Pero, como los chismes vuelan, al poco tiempo ya estaban más asiáticos por estos lares buscando el famoso “ribbon fish” que por primera vez en la historia salía en Ecuador. Y fue así como llegó un chinito a nuestras vidas.
Toñito lo recogió en el aeropuerto con cartelito al estilo Hollywood, lo trajo a la playa, lo instaló en el mejor hotel, sirvió de traductor (porque en el mejor de hotel de aquí, la única persona que hablaba inglés renunció una semana atrás por la mala alimentación), lo invitó a cenar, y cerraron algunos negocios.
El chinito satisfecho con la atención y el producto ofrecido, creyó que era común aquello en este país, y decidió que quería pasar unas largas vacaciones aquí en la tierra prometida.
Caminando por el malecón se encontró con una pareja de viejitos, que por señas le ofrecieron alquilarle una habitación en $200, pero al chinito le pareció muy poco y les pagó $ 300. Luego, feliz por el negocio que había hecho, nos invitó a comer. Llegó con claras señales de haber sido víctima de un avivato vestido con un short multicolor de unas 3 tallas más grandes, y con un corte de peluquería de quinta tan tenaz que dudo le vuelva a crecer el pelo, pero él estaba feliz.

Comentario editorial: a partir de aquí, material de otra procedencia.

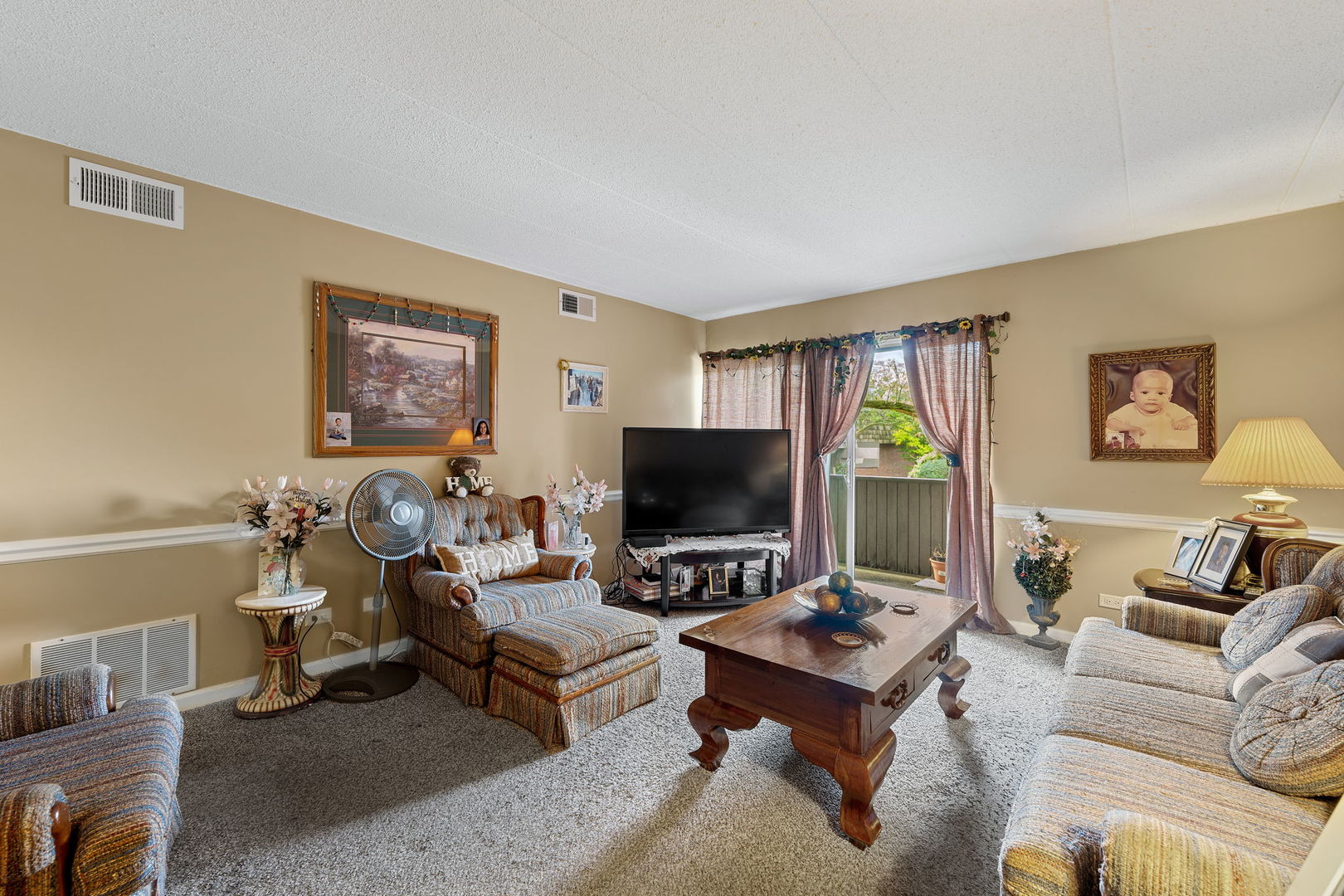 513 Timber Ridge Drive, Unit 208 Carol Stream, IL 60188 - Photo 2 of 20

Una semana después decidió salir solo a conocer más playas cercanas, macro error. Lo llamó a Toñito para ponerle el teléfono en la oreja del taxista, y que le pregunte por qué le estaba cobrando $160 por regresarlo a Salinas desde un pueblo llamado “La Entrada” si le había dicho inicialmente $80. No hubo forma de hacerle entender al taxista malvado que si tiene un auto a diesel no habrá gastado más de $ 8 en ir y venir, y que cobrarle más de $30 al chinito, solo por ser chinito, es un abuso que en su pueblo lo pagaría con azotes de ortiga y agua congelada. No le importó nada, y lo dejó botado allí en media carretera insultándolo en quichua, como si fuera poco no entender español.
El chinito siguió las instrucciones de parar un taxi amarillo y solo decir “Salinas”, pero luego de una hora y media llamó desesperado porque el taxista le quería cobrar $100 por la carrera y dejarlo botado en pueblo llamado “Chulluipe”.
Una vez más llegó Toñito a salvarlo, y mientras discutía con el taxista por estafador, éste se baja el cierre del pantalón, y comienza a vaciar la vejiga sin ningún reparo por las miradas de sorpresa, asco y coraje.
Finalmente al aterrado chinito aprendió que no debe hablar con extraños, ni subirse en taxis, ni salir a pasear, ni demostrar que es chinito, ni salir del cuarto que alquiló por $100 más de lo que le pidieron.